Using intervals which represent worst-case double rounding:

getSlope(
 a = [2.7115599999999995262:2.7115600000000004144], 
 b = [-1.6416099999999997916:-1.6416100000000002357], 
 c = [2.7041299999999997006:2.7041300000000005888], 
 d = [-1.7221899999999998876:-1.7221900000000003317])
(d-b) = [-0.080580000000000526206:-0.080579999999999665783]
(c-a) = [-0.0074300000000007129439:-0.0074299999999989383218]

to double precision [10.845222072677243474:10.845222072679954195]

So although c-a is small compared to c or a, it is still large compared to double rounding, so if you were using the worst imaginable double precision rounding, then you could trust that value's to be precise to 12 figures - 10.8452220727. You've lost a few figures off double precision, but you're still working to more than your input's significance.

But if the inputs were only accurate to the number significant figures, then rather than being the double value 2.71156 +/- eps, then the input range would be [2.711555,2.711565], so you get the result:

getSlope(
 a = [2.711555:2.711565], 
 b = [-1.641615:-1.641605], 
 c = [2.704125:2.704135], 
 d = [-1.722195:-1.722185])
(d-b) = [-0.08059:-0.08057]
(c-a) = [-0.00744:-0.00742]

to specified accuracy [10.82930108:10.86118598]

which is a much wider range.

But you would have to go out of your way to track the accuracy in the calculations, and the rounding errors inherent in floating point are not significant in this example - it's precise to 12 figures with the worst case double precision rounding.
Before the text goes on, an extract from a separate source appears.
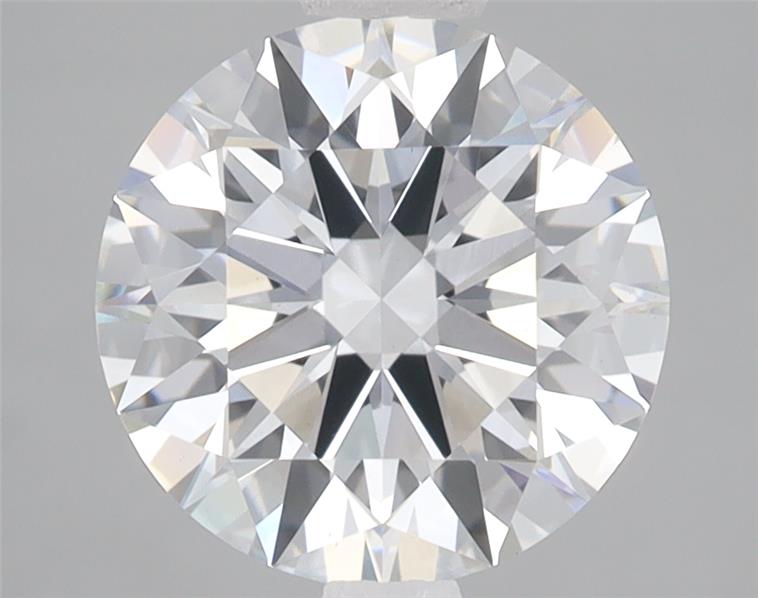 2.87ct Round E VS1 Lab-Grown Diamond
On the other hand, if your inputs are only known to 6 figures, it doesn't actually matter whether you get 10.8557 or 10.8452. Both are within [10.82930108:10.86118598].

Better Print out the arguments, too. When you are, as I guess, transferring parameters in decimal notation, you will lose precision for each and every one of them. The problem being that 1/5 is an infinite series in binary, so e.g. 0.2 becomes .001001001.... Also, decimals are chopped when converting an binary float to a textual representation in decimal.

Next to that, sometimes the compiler chooses speed over precision. This should be a documented compiler switch.

Patrick seems to be right about (c-a) being the main cause:

d-b = -1,72219 - (-1,64161) = -0,08058

c-a = 2,70413 - 2,71156 = -0,00743

S = (d-b)/(c-a)= -0,08058 / -0,00743 = 10,845222

You start out with six digits precision, through the subtraction you get a reduction to 3 and four digits. My best guess is that you loose additonal precision because the number -0,00743 can not be represented exaclty in a double. Try using intermediate variables with a bigger precision, like this:

double QSweep::getSlope(double a, double b, double c, double d)
{
    double slope;
    long double temp1, temp2;

    temp1 = (d-b);
    temp2 = (c-a);
    slope = temp1/temp2;

    return slope;
}

While the academic discussion going on is great for learning about the limitations of programming languages, you may find the simplest solution to the problem is an data structure for arbitrary precision arithmetic.

This will have some overhead, but you should be able to find something with fairly guaranteeable accuracy.